Argument	Default	Description
input_size	None	Size of the input vectors
hidden_size	None	Size of hidden units
rnn_type	'lstm'	Type of recurrent cells used in the controller
num_layers	1	Number of layers of recurrent units in the controller
bias	True	Bias
batch_first	True	Whether data is fed batch first
dropout	0	Dropout between layers in the controller
bidirectional	False	If the controller is bidirectional (Not yet implemented)
nr_cells	5	Number of memory cells
read_heads	2	Number of read heads
cell_size	10	Size of each memory cell
nonlinearity	'tanh'	If using 'rnn' as `rnn_type`, non-linearity of the RNNs
gpu_id	-1	ID of the GPU, -1 for CPU
independent_linears	False	Whether to use independent linear units to derive interface vector
share_memory	True	Whether to share memory between controller layers
reset_experience	False	Whether to reset memory (This is a parameter for the forward pass)

Example usage:

from dnc import DNC

rnn = DNC(
  input_size=64,
  hidden_size=128,
  rnn_type='lstm',
  num_layers=4,
  nr_cells=100,
  cell_size=32,
  read_heads=4,
  batch_first=True,
  gpu_id=0
)

(controller_hidden, memory, read_vectors) = (None, None, None)

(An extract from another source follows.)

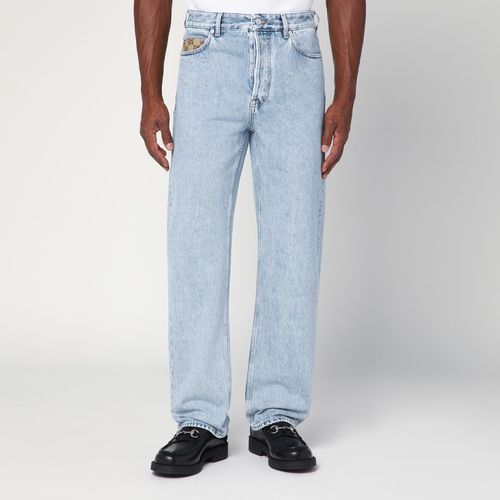 Jeans celeste con inserto in tessuto GG - GUCCI - Modalova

output, (controller_hidden, memory, read_vectors) = \
  rnn(torch.randn(10, 4, 64), (controller_hidden, memory, read_vectors, reset_experience=True))

Example copy task

The copy task, as descibed in the original paper, is included in the repo.

From the project root:

python ./tasks/copy_task.py -cuda 0

The copy task can be used to debug memory using Visdom.

Additional step required:

pip install visdom
python -m visdom.server

Open http://localhost:8097/ on your browser, and execute the copy task:

python ./tasks/copy_task.py -cuda 0

The visdom dashboard shows memory as a heatmap for batch 0 every -summarize_freq iteration:

General noteworthy stuff

DNCs converge with Adam and RMSProp learning rules, SGD generally causes them to diverge.
Using a large batch size (> 100, recommended 1000) prevents gradients from becoming NaN.